_Material for this exercise_
========
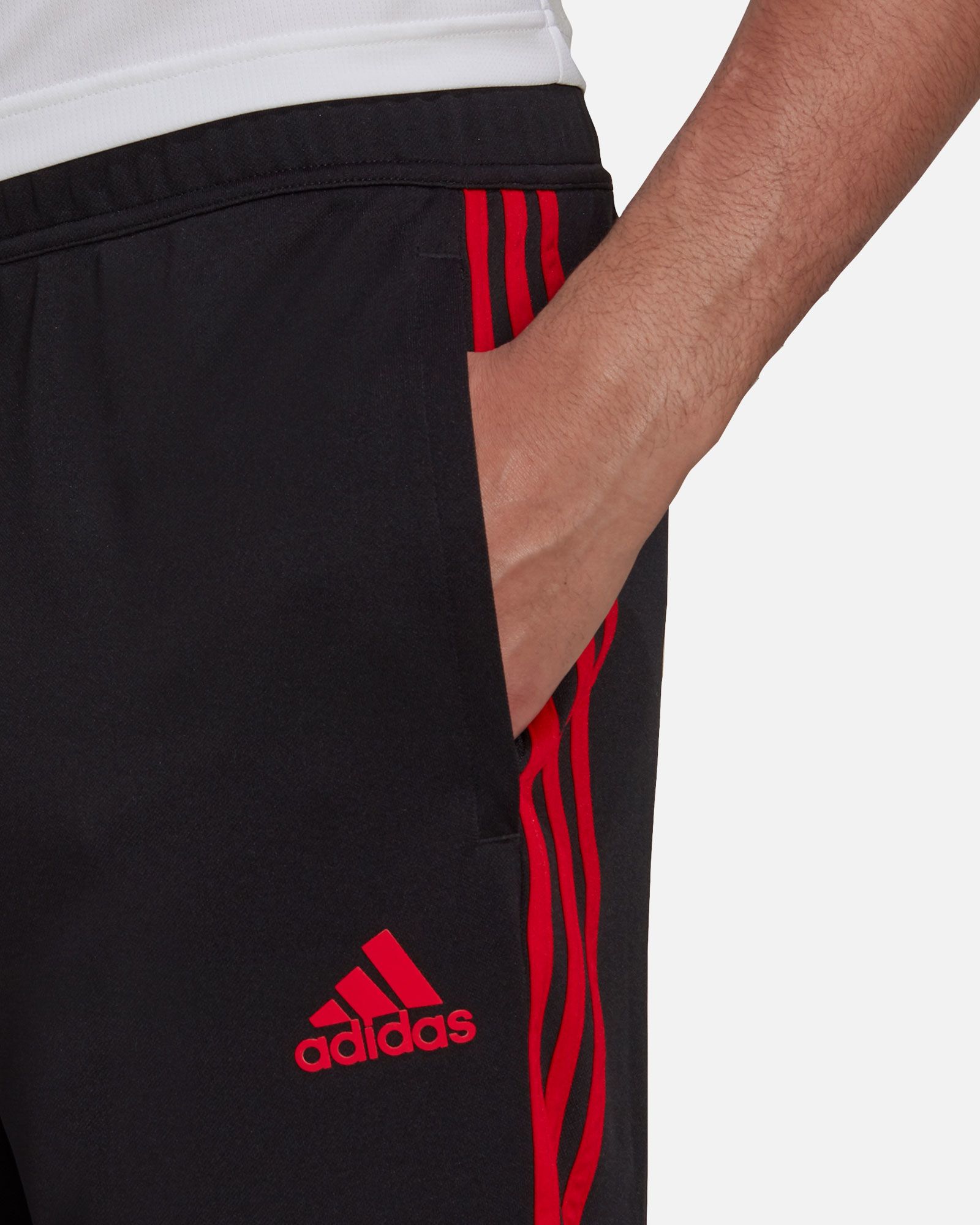 Pantalón largo adidas Sereno - Fútbol Factory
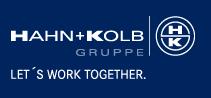 HAHN+KOLB logo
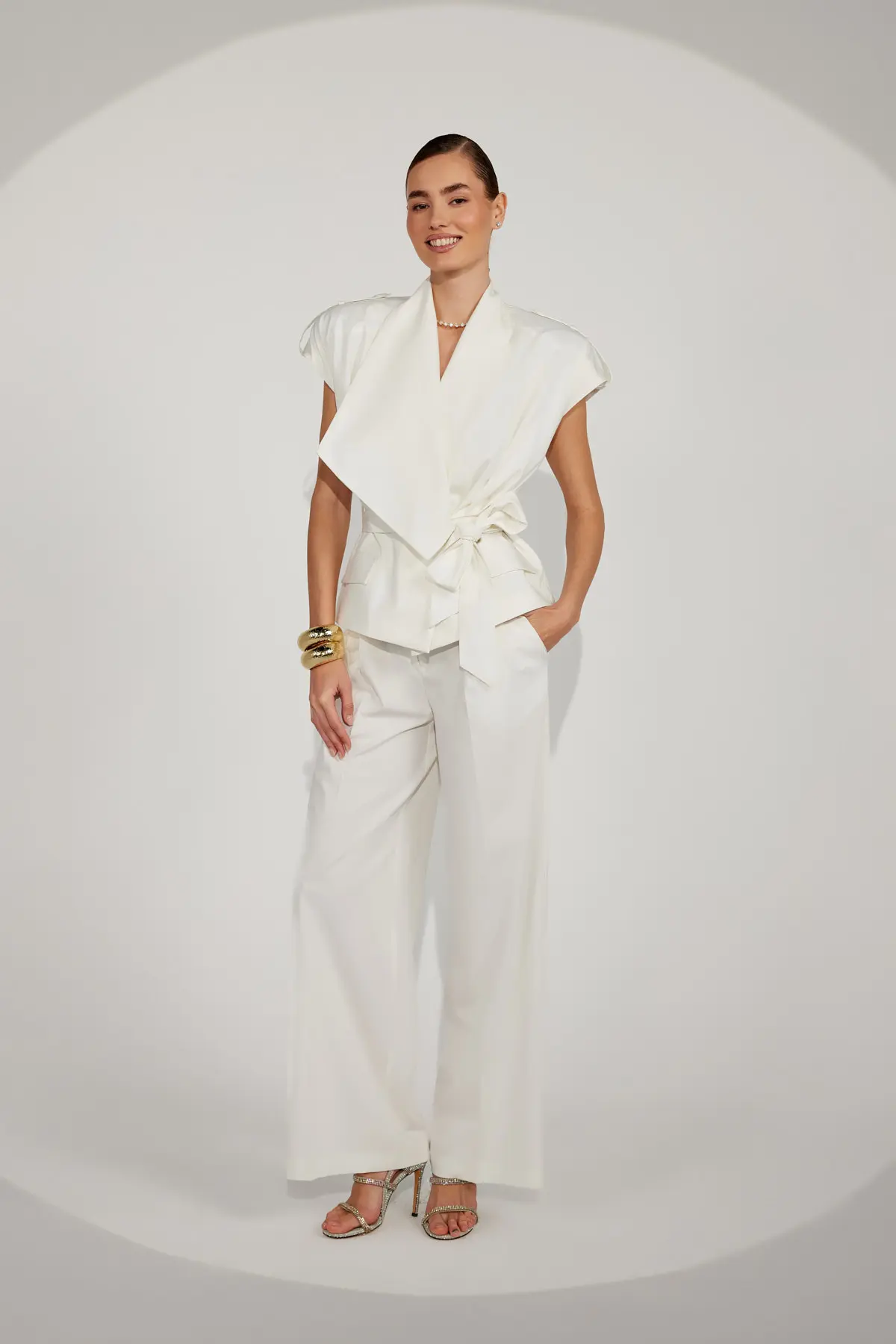 Timeless Pin Pants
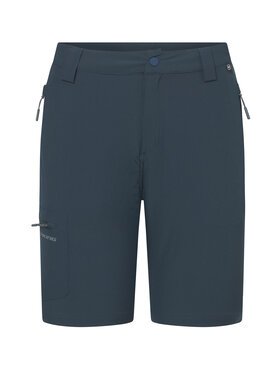 Viking Viking Szorty Sumatra Lady Granatowy Regular Fit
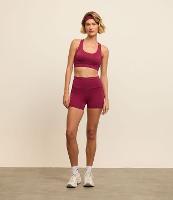 Bermuda Esportiva em Microfibra com Cós Dobrado com Textura - 3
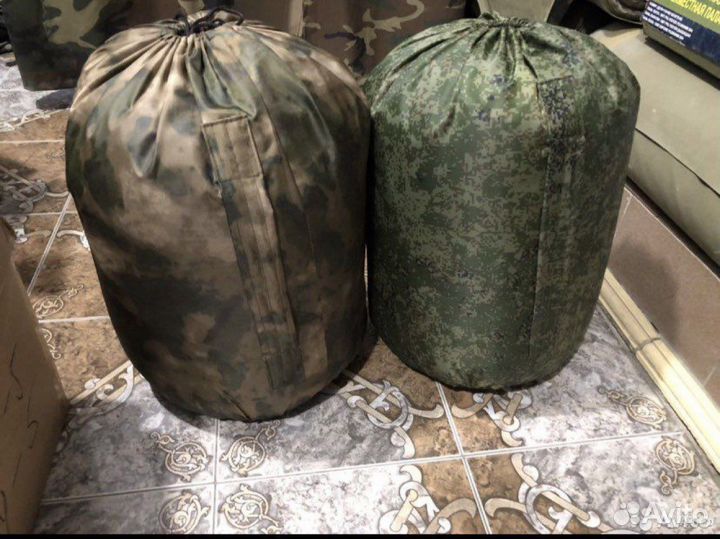 Спальный мешок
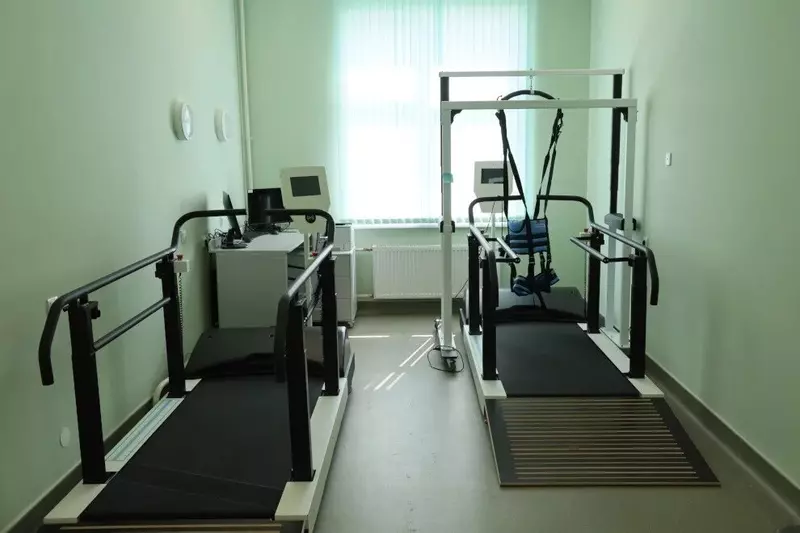 Изображение #5 для поста «Новая поликлиника открылась в Петербурге»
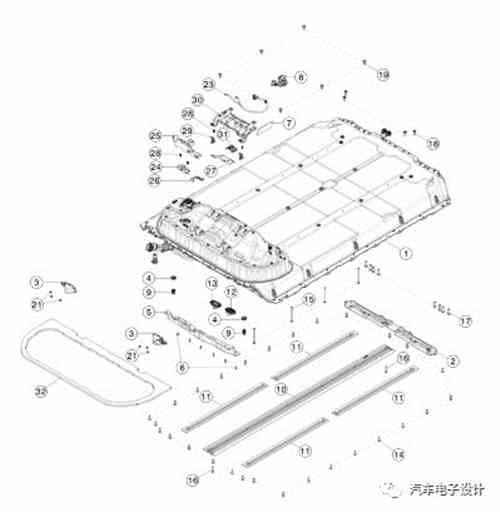 如何维修特斯拉充电机充电蓄电池？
========
_What you will do_
Nothing but the lines from the line containing "Viking Viking Szorty" through the last line of the records above is to be extracted, exactly and with no pictures.

_Answer for the task_
 Viking Viking Szorty Sumatra Lady Granatowy Regular Fit
 Bermuda Esportiva em Microfibra com Cós Dobrado com Textura - 3
 Спальный мешок
 Изображение #5 для поста «Новая поликлиника открылась в Петербурге»
 如何维修特斯拉充电机充电蓄电池？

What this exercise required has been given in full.